335 Seiten. 22.- €. Rowohlt

Bei dem Titel hatte ich eigentlich etwas anderes erwartet: Einen Ratgeber, wie man sein Gegenüber - PartnerIn, KollegIn, Kind – besser versteht. Der originale Titel „Talking to a stranger“ trifft genauer, worum es in dem Buch tatsächlich geht, nämlich um die Frage: Wie sicher können wir sein, dass wir richtig interpretieren, was wir von unserem Gegenüber erfahren – besonders wenn es um existenzielle Belange wie Verurteilung und Haft geht? Der New Yorker Wissenschaftsjournalist Gladwell weist nach, dass selbst Experten dafür schlecht gerüstet sind.

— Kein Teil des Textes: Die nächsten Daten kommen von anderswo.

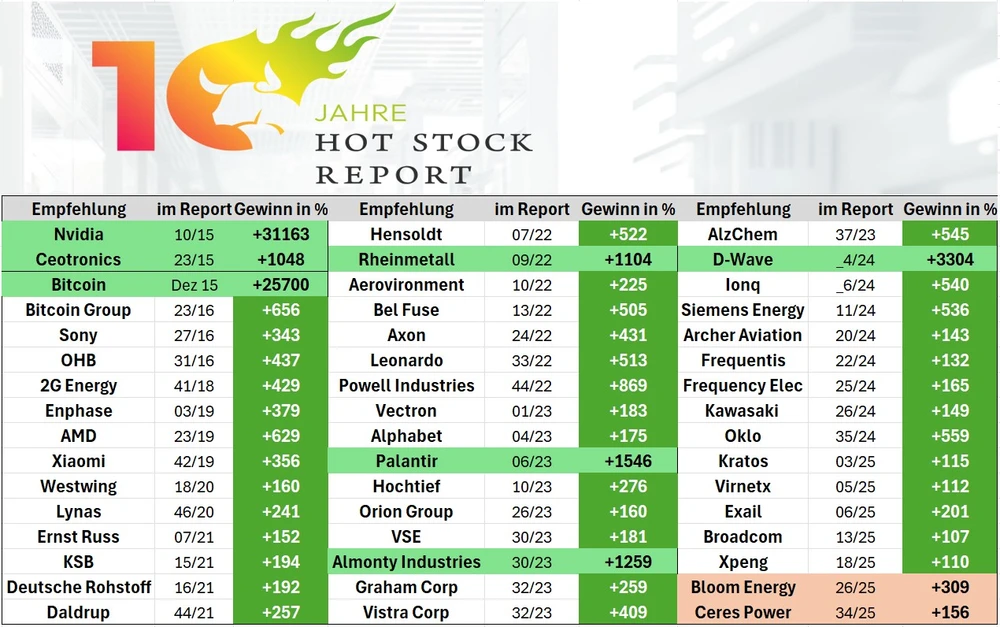 Best of Hot Stock Report seit 2015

 Das liegt vor allem an unserer menschlichen Neigung, davon auszugehen, dass unser Gegenüber die Wahrheit sagt. Im 'Wahrheitsmodus'" glauben wir dem anderen, selbst wenn Anzeichen deutlich dagegensprechen. Zudem überschätzen wir unsere Fähigkeit, Mimik, Gestik, Äußerungen und Absichten eindeutig interpretieren zu können. Darüber hinaus verringern Alkohol und Stress unsere Fähigkeit, Menschen korrekt einzuschätzen und uns adäquat an Erlebnisse zu erinnern. Eine persönliche Begegnung verstärkt noch die Illusion, den anderen durchschauen zu können. So erklärt sich, dass es oft Jahre dauert, bis Betrüger, Spione und sexuelle Straftäter enttarnt werden. Diese Erkenntnisse belegt Gladwell mit zahlreichen spektakulären Fallbeispielen von fehlgeschlagener Kommunikation, erfolgreicher Täuschungen, falscher Verdächtigungen, mehrdeutigen Aussagen und problematischen Polizeistrategien. Allerdings erscheint die Ableitung aus diesen anschaulich dargestellten Fällen nicht immer logisch. Hier war dem Autor offenbar manchmal mehr an einer lebhaften Darstellung als an einem stringenten Beweis gelegen. Immerhin liest sich das spannend wie ein Krimi.

Trotz einiger Schwächen ein interessantes Buch, das im positiven Sinne hinsichtlich der eigenen Wahrnehmung verunsichert.